We see that up to 70 per cent of taxpayers will be better off under Labor's fairer tax plan, and that includes 57,000 residents who live in Canning. Seventy per cent of the hardworking taxpayers in Mandurah, Pinjarra and Byford will be better off under our tax plan. And I suppose the Prime Minister does try to help, in his own way, when he says, 'They should just get a better job.' Try telling that to every single cleaner, storeperson, shop assistant, orderly, retail worker or hospitality worker. We need people to do these jobs. We need them to have incomes that keep those industries viable. They need good wages. We need to see wages growth in those industries. We know those industries will never see wages growth that compares with wages growth for high-paid professionals, but we need them to do those jobs. Why do you rub people's faces in their own professions in that way? We have to value the work that Australians do, because it needs to be done. Every day, in our communities and in our cities, we depend on the great diversity of work that people do, be it well paid or low paid. People on low wages should get better pay, but the simple fact is, because they are on lower wages and we need people to do that work, we should not, in our right mind, ever consider taxing them at the same rate as wealthier Australians. The absurdity of it is absolutely disgusting.
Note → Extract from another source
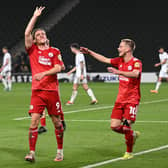 Crawley Town forward Danilo Orsi (9) scores a goal and celebrates (hat trick) and holds up 3 fingers 1-5 during the EFL Sky Bet League 2 play-off second leg match between Milton Keynes Dons and Crawley Town at stadium:mk, Milton Keynes, England on 11 May 2024.:Crawley Town hammered MK Dons 5-1 - and 8-1 on aggregate - to reach the League Two play-off final Wembley. Photographer Dennis Goodwin/Pro Sport Images was there to catch the action, the crowd and the celebrations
In our nation, inequality is at a 70-year high. We should be taking steps to do exactly the opposite of what the government is doing, and that is taking steps to improve and address inequality and to remove inequality in our system by using our tax and transfer system and implementing principles that are exactly the opposite of what this government is seeking to do.

With overall inequality worsening, there are negative impacts on our economic growth. The best thing we can do to fix that is to have a strong, progressive taxation system where those who can afford to pay more do pay more and those who can't afford to pay as much aren't asked to pay as much. We need a government that stops standing in the way of tax relief for the 10 million Australians who need it. We need a more progressive taxation system, not a less progressive one. Tax cuts this year for teachers and tradies should not be held hostage to tax cuts for bankers or highly-paid professionals in six years time.

The Turnbull government's priority is for tax cuts for big business and high income earners, at a stupendous cost of $25 billion a year in 10 years time. I don't think our nation can afford that—our schools and hospitals can't afford it, our TAFE system can't afford it, our social services can't afford it, our public sector can't afford it and our defence force can't afford it. The fabric that holds our community together simply cannot afford it.

Labor, on the other hand, because we're not giving millionaires another tax cut and we're not giving big business an $80 billion tax handout, can put more money into the pockets of working Australians while funding better schools and hospitals and paying down debt quicker. This bill will make our tax system in Australia less progressive and it will continue to erode our tax base. It doesn't deserve the paper it's written on.